工作中需要以kubernetes原生的方式构建API接口服务,并将构建出的API接口直接聚合到kubernetes的apiserver服务上。本周花了不少时间研究这个,这里记录一下。

好处

尽管可以使用gin, go-restful等go语言web框架轻易地构建出一个稳定的API接口服务,但以kubernetes原生的方式构建API接口服务还是有很多吸引人的好处的。官方文档中已经将这些好处列出了:

User-Defined Types

Consider adding a Custom Resource to Kubernetes if you want to define new controllers, application configuration objects or other declarative APIs, and to manage them using Kubernetes tools, such as kubectl.

Do not use a Custom Resource as data storage for application, user, or monitoring data.

For more about Custom Resources, see the Custom Resources concept guide.

Combining New APIs with Automation

The combination of a custom resource API and a control loop is called the Operator pattern. The Operator pattern is used to manage specific, usually stateful, applications. These custom APIs and control loops can also be used to control other resources, such as storage or policies.

Changing Built-in Resources

When you extend the Kubernetes API by adding custom resources, the added resources always fall into a new API Groups. You cannot replace or change existing API groups. Adding an API does not directly let you affect the behavior of existing APIs (e.g. Pods), but API Access Extensions do.

API Access Extensions

When a request reaches the Kubernetes API Server, it is first Authenticated, then Authorized, then subject to various types of Admission Control. See Controlling Access to the Kubernetes API for more on this flow.

Each of these steps offers extension points.

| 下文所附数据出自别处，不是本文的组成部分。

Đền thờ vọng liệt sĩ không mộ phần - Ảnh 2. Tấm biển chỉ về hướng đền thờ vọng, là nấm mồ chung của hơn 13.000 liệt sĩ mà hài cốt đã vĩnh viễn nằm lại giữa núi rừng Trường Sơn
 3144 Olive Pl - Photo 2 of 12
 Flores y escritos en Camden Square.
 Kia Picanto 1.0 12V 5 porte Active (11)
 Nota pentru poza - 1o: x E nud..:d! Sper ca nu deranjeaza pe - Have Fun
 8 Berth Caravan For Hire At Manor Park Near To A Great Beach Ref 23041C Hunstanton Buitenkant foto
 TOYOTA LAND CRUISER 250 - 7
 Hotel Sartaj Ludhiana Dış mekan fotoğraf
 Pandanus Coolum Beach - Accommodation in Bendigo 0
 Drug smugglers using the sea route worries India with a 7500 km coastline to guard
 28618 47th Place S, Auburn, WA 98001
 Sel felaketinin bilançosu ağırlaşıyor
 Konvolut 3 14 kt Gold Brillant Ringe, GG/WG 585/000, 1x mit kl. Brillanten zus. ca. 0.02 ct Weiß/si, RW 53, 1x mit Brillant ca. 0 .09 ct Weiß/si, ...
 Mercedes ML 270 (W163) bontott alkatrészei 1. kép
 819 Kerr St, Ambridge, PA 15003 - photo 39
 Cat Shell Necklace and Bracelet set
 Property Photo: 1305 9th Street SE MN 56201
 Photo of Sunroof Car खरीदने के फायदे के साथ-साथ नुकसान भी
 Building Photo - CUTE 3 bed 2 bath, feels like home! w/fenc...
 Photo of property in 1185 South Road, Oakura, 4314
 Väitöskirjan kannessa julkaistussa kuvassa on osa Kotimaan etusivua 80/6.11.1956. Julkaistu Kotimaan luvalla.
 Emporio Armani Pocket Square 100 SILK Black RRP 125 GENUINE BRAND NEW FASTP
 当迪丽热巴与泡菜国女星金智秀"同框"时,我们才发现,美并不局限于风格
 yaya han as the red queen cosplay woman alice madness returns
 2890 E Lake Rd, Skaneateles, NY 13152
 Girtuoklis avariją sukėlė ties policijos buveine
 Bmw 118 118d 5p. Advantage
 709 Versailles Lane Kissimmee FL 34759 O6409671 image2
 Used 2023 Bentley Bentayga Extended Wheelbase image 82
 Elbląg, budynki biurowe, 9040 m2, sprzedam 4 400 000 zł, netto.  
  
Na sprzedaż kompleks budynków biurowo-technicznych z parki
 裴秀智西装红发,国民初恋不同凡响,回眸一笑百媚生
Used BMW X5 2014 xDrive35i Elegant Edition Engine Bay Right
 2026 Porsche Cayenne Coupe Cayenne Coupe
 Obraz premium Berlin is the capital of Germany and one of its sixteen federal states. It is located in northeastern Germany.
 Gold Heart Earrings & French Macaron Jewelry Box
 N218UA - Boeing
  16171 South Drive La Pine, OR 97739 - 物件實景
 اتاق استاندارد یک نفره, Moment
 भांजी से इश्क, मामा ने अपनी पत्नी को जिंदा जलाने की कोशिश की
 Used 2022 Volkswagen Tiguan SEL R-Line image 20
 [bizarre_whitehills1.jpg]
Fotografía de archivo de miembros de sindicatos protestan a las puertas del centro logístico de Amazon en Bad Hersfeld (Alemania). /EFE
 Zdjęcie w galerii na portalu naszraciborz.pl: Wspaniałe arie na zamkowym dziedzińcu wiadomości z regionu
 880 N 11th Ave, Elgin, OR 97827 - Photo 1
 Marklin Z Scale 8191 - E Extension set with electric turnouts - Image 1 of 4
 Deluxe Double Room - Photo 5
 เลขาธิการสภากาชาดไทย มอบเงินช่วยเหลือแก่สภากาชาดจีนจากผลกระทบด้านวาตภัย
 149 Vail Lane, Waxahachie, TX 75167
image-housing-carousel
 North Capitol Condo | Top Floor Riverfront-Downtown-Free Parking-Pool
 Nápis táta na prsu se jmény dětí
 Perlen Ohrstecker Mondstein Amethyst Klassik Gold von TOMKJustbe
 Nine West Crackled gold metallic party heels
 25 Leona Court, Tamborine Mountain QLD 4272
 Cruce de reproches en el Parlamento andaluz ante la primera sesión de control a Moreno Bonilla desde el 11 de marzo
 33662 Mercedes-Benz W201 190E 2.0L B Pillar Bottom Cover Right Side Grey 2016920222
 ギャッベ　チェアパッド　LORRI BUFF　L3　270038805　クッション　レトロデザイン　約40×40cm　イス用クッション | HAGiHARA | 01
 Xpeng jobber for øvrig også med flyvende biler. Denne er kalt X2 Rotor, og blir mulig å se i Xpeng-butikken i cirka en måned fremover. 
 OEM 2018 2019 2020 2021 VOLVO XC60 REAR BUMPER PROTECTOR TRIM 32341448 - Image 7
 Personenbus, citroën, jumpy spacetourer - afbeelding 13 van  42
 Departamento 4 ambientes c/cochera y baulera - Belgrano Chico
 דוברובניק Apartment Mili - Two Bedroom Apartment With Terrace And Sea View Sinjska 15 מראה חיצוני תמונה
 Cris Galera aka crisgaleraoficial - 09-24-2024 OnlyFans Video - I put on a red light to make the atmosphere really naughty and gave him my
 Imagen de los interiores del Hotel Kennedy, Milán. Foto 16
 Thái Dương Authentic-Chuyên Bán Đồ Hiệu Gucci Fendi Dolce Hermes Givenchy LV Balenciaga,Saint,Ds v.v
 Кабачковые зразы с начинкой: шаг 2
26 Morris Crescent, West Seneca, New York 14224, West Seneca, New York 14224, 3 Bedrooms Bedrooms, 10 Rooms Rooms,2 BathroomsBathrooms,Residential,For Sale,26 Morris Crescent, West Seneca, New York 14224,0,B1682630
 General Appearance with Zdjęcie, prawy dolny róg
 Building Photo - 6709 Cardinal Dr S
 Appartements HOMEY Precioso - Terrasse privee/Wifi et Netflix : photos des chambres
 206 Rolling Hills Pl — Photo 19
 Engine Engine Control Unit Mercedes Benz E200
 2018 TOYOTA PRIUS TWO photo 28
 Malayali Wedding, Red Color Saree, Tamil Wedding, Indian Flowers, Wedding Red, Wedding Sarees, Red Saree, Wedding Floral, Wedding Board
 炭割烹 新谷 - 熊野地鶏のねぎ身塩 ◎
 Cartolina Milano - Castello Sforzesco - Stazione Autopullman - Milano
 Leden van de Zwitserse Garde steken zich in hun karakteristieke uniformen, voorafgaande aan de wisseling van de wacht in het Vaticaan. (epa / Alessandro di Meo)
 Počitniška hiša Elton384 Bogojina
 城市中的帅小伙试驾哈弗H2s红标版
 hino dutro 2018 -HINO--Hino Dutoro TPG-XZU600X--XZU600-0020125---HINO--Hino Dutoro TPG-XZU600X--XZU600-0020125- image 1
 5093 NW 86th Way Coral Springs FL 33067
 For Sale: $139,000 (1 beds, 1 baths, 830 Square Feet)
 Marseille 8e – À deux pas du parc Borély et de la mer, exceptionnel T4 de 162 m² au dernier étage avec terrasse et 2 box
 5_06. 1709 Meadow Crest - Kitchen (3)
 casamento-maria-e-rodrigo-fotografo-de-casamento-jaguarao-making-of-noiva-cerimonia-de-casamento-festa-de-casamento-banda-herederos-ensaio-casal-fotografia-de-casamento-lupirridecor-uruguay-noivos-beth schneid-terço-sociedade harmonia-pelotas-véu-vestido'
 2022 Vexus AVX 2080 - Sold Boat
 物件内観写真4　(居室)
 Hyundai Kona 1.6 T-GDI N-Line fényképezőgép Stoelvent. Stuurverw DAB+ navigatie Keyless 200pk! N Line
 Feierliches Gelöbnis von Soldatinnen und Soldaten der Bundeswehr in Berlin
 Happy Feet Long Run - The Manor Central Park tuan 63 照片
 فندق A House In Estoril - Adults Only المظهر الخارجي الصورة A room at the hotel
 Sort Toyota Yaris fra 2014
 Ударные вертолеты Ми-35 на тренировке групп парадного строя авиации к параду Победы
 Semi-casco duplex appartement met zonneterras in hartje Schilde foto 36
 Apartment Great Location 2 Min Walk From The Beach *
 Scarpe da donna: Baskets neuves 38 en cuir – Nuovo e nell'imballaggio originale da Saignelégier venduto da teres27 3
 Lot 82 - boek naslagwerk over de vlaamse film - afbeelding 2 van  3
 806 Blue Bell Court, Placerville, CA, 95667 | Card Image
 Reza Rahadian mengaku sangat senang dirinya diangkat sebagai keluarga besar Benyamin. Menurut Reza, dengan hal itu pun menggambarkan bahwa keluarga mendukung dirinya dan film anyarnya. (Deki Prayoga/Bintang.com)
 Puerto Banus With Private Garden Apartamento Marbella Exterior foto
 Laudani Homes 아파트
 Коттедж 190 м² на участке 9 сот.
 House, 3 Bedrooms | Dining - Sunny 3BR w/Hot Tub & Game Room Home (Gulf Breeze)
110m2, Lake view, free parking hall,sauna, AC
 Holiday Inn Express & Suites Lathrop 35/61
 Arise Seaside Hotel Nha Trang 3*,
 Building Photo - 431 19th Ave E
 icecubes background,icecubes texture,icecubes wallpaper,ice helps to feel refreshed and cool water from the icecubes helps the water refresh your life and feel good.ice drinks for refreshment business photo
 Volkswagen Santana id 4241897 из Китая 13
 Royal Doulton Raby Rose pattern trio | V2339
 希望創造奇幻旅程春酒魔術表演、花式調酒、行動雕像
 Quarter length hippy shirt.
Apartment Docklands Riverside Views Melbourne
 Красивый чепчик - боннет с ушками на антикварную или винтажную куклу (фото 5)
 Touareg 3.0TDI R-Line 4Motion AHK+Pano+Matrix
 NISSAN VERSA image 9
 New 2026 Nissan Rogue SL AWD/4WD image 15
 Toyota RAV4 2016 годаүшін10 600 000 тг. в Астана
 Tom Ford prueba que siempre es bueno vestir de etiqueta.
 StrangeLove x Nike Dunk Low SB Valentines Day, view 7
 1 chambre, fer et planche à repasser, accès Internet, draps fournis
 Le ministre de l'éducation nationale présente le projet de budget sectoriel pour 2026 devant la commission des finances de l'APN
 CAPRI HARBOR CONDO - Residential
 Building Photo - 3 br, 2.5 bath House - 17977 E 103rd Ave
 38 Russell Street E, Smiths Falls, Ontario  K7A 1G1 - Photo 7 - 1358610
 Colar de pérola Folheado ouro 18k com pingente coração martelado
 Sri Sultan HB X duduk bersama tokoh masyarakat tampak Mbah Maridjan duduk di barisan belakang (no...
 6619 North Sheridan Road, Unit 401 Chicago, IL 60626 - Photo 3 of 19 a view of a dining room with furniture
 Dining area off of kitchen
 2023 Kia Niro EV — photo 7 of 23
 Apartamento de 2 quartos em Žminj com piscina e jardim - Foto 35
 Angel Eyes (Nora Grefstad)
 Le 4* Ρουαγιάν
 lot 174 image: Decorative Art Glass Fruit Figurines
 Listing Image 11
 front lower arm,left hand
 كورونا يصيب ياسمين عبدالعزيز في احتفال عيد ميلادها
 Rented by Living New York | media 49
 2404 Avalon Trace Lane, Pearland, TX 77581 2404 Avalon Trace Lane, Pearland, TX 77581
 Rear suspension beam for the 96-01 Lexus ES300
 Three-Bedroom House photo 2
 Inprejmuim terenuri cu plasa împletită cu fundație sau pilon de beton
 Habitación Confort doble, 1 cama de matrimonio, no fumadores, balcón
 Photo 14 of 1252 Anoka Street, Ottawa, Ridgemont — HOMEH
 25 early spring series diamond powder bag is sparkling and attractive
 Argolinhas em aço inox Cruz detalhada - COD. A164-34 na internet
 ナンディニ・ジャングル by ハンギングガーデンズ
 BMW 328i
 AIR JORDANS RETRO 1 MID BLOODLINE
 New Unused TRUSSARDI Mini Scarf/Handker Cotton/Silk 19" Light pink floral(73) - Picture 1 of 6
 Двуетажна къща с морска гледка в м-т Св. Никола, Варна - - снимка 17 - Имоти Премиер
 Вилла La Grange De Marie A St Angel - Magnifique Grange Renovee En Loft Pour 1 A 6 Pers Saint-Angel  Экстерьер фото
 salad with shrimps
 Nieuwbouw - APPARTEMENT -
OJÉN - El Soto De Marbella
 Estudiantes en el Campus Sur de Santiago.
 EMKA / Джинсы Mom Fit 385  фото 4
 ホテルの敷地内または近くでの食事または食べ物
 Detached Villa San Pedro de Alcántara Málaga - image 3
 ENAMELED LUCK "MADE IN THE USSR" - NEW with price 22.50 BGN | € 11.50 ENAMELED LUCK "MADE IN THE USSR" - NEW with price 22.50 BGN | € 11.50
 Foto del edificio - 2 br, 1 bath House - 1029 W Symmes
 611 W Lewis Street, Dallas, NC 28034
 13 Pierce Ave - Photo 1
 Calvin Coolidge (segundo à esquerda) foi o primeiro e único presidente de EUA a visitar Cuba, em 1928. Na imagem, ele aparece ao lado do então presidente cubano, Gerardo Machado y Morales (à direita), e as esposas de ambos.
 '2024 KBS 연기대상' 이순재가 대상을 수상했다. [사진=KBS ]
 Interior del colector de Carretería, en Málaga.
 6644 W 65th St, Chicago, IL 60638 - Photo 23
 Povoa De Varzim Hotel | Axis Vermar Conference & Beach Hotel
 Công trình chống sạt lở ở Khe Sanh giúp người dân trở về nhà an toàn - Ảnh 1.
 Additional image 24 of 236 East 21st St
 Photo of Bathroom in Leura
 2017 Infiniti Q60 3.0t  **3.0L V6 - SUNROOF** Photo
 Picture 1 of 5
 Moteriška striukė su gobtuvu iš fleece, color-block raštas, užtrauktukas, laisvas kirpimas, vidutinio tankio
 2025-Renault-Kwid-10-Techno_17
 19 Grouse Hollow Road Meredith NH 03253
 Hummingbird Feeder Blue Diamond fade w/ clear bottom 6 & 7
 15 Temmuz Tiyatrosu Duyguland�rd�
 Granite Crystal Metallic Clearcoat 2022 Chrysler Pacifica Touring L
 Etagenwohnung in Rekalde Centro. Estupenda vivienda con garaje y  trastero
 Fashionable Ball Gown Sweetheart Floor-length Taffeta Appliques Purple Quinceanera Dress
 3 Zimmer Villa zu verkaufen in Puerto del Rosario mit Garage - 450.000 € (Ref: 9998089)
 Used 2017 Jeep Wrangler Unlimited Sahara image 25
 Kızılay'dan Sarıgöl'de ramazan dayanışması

Kubernetes has several built-in authentication methods that it supports. It can also sit behind an authenticating proxy, and it can send a token from an Authorization header to a remote service for verification (a webhook). All of these methods are covered in the Authentication documentation.

Authentication

Authentication maps headers or certificates in all requests to a username for the client making the request.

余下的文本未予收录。